EXERCISE DATA —
>>>>>
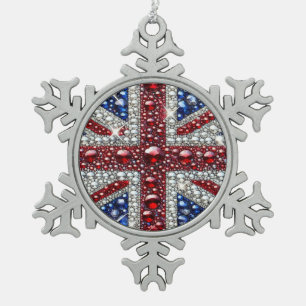 Pewter Snowflake Ornament mit Britischen Farben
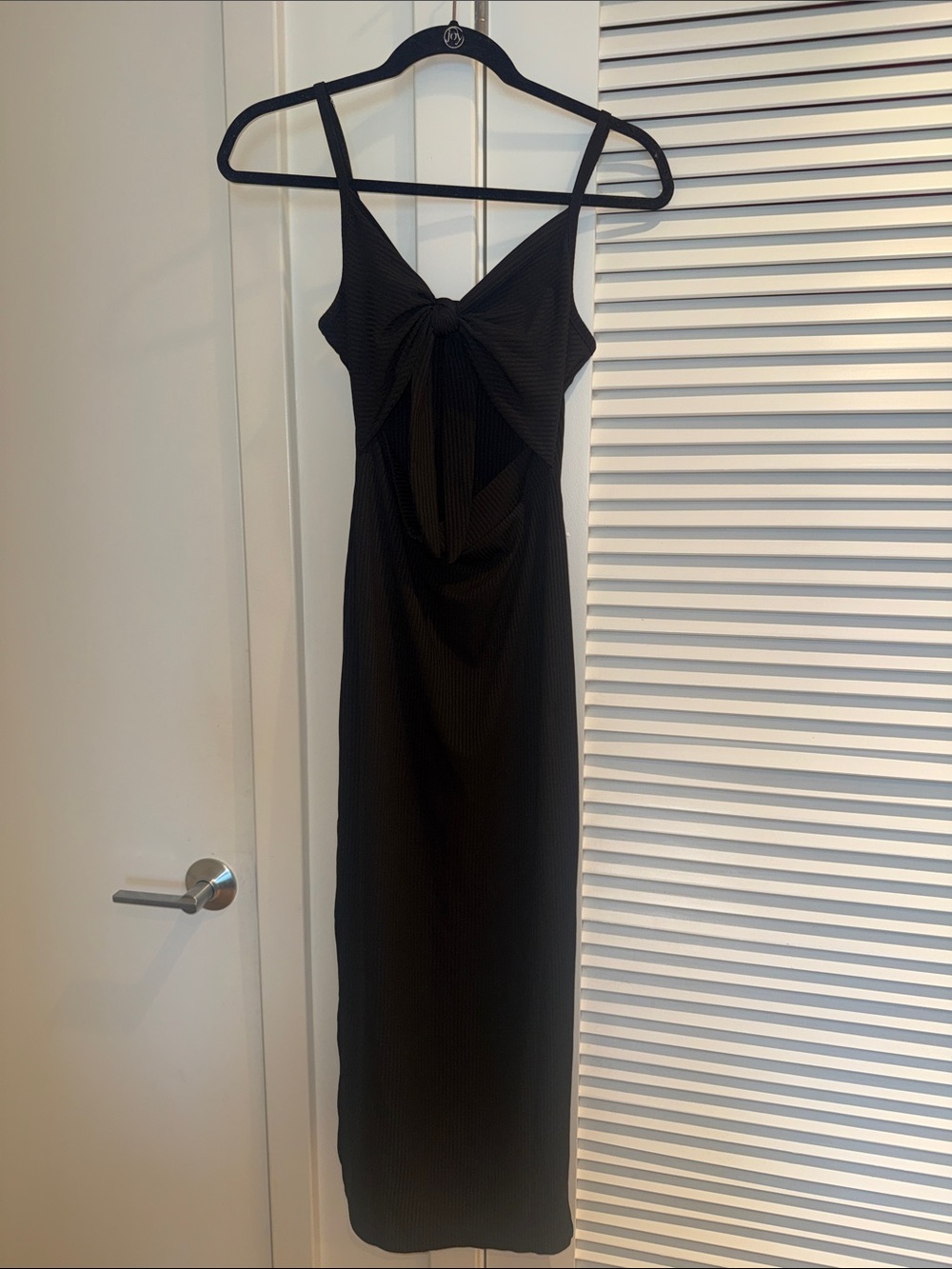 Sleek Black Tie-Front Midi Dress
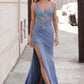Ladivine CD0106 Dress Fitted Glitter Gown With Lace Applique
<<<<<
TASK REQUIREMENTS —
Make an exact copy of the listing. Leave its pictures out.

FINISHED EXERCISE —
 Pewter Snowflake Ornament mit Britischen Farben
 Sleek Black Tie-Front Midi Dress
Ladivine CD0106 Dress Fitted Glitter Gown With Lace Applique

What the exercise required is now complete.